How to Initiate a Canary Rollout

Via the UI

  1. Sign in to HPE Machine Learning Inferencing Software.
  2. Navigate to Deployments.
  3. Select the ellipsis next to the deployment you want to initiate a canary rollout for.
  4. Select Add canary rollout.
  5. Select which Packaged Model you want to roll out.
  6. Select how much traffic you want to direct to the new model as a percentage.
  7. Select Done.

The rollout proccess will begin immediately.
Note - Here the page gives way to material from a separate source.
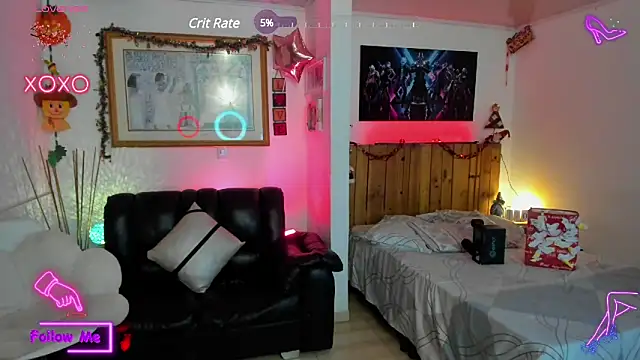 LauGrayJ online show from 02/09/25, 05:40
You can monitor and analyze the traffic between the two models by navigating to your deployment’s Grafana dashboard.

Via the CLI

  1. Sign in to HPE Machine Learning Inferencing Software.
    aioli login <YOUR_USERNAME>
  2. Update a deployment with the following command:
    aioli deployment update <DEPLOYMENT_NAME> \
       --model <PACKAGED_MODEL_NAME> \
       --canary-percentage <CANARY_PERCENTAGE>
  3. Wait for your deployment to reach Ready state.
    aioli deployment show <DEPLOYMENT_NAME>
    arguments: []
    autoScaling:
      maxReplicas: 1
      metric: rps
      minReplicas: 1
      target: 0
    canaryTrafficPercent: 5
    environment: {}
    goalStatus: Ready
    id: 857ac422-ccf3-42a9-8d69-5af4cdc859dc
    model: elby-hf-simple
    modifiedAt: '2024-05-20T18:56:41.384852Z'
    name: elb-hf-simple-falcon
    namespace: default
    secondaryState:
      endpoint: http://prev-elby-hf-simple-falcon-predictor.default.34.72.43.83.nip.io
      nativeAppName: elby-hf-simple-falcon-predictor-00001
      status: Ready
      trafficPercentage: 95
    security:
      authenticationRequired: false
    state:
      endpoint: http://elby-hf-simple-falcon.default.34.72.43.83.nip.io
      nativeAppName: elby-hf-simple-falcon-predictor-00002
      status: Ready
      trafficPercentage: 5
    status: Ready

Via the API

  1. Sign in to HPE Machine Learning Inferencing Software.
    curl -X 'POST' \
      '<YOUR_EXT_CLUSTER_IP>/api/v1/login' \
      -H 'accept: application/json' \
      -H 'Content-Type: application/json' \
      -d '{
      "username": "<YOUR_USERNAME>",
      "password": "<YOUR_PASSWORD>"
    }'
  2. Obtain the Bearer token from the response.
  3. Get a list of deployments to find the deployment ID.
    curl -X 'GET' \
         '<YOUR_EXT_CLUSTER_IP>/api/v1/deployments' \
         -H 'accept: application/json' \
         -H 'Authorization : Bearer <YOUR_ACCESS_TOKEN>'
  4. Get the deployment ID from the response.
  5. Use the following cURL command to submit a canary rollout put request.
    curl -X 'PUT' \
         '<YOUR_EXT_CLUSTER_IP>/api/v1/deployments/{id}' \
         -H 'accept: application/json' \
         -H 'Content-Type: application/json' \
         -H 'Authorization: Bearer <YOUR_ACCESS_TOKEN>' \
         -d '{
           "model": "<PACKAGED_MODEL_NAME>",
           "canaryPercentage": <CANARY_PERCENTAGE>
         }'